- THE PROBLEM
In the data below, locate the line containing "Cover for The" and the line containing "better and be", then retype both and everything between them exactly. Pictures are not part of the copy.

- RECORDED INFORMATION
========

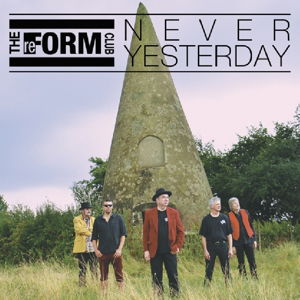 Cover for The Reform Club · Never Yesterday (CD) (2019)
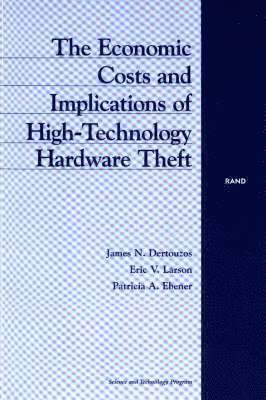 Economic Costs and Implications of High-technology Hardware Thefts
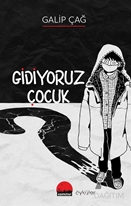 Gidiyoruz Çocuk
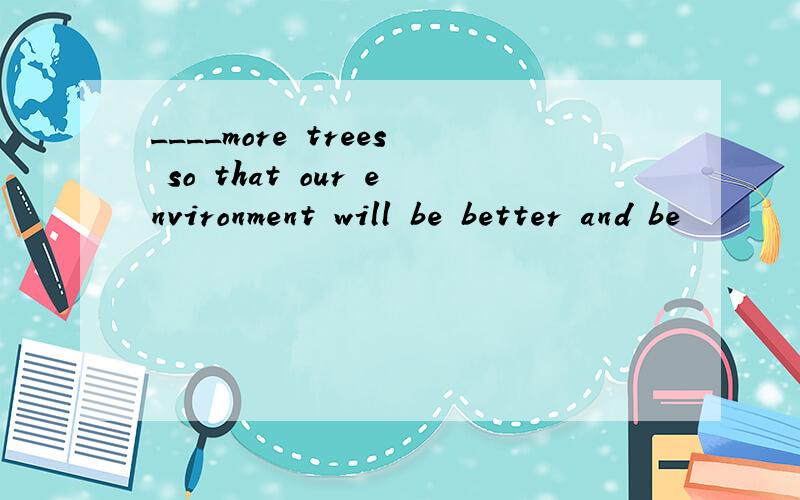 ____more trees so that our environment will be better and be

========

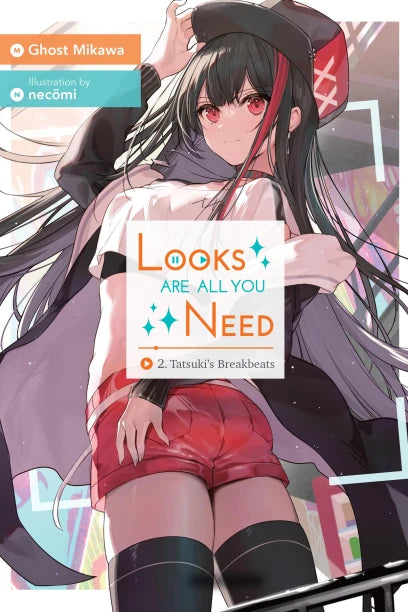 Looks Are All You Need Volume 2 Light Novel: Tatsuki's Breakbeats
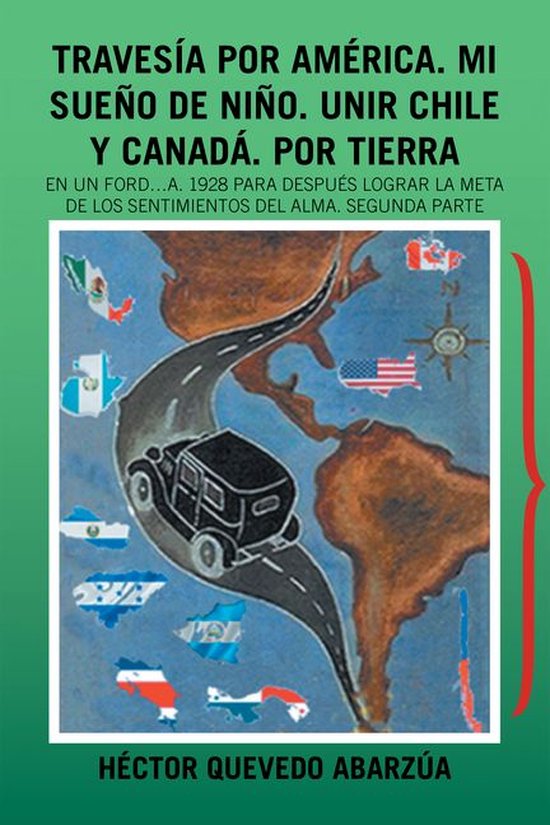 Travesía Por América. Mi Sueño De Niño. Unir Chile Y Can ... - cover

========

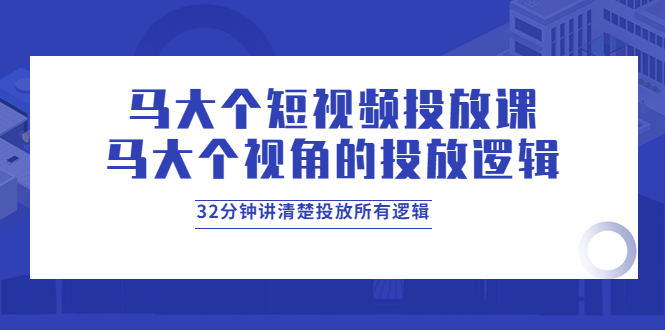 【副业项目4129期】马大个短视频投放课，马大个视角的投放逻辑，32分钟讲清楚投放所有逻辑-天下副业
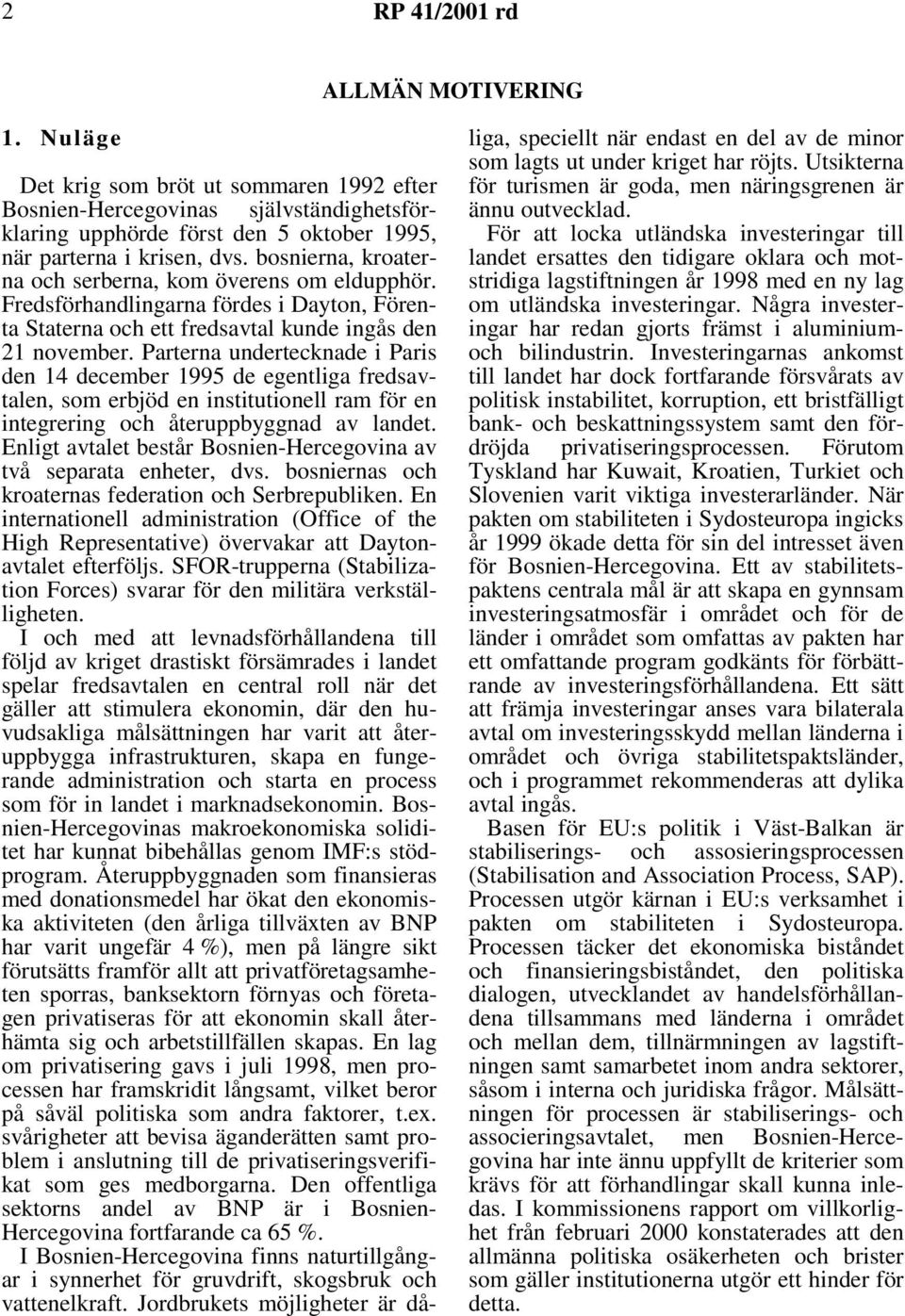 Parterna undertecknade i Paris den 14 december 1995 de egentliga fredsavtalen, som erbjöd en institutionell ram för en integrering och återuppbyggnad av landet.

========

- ANSWER BELOW
 Cover for The Reform Club · Never Yesterday (CD) (2019)
 Economic Costs and Implications of High-technology Hardware Thefts
 Gidiyoruz Çocuk
 ____more trees so that our environment will be better and be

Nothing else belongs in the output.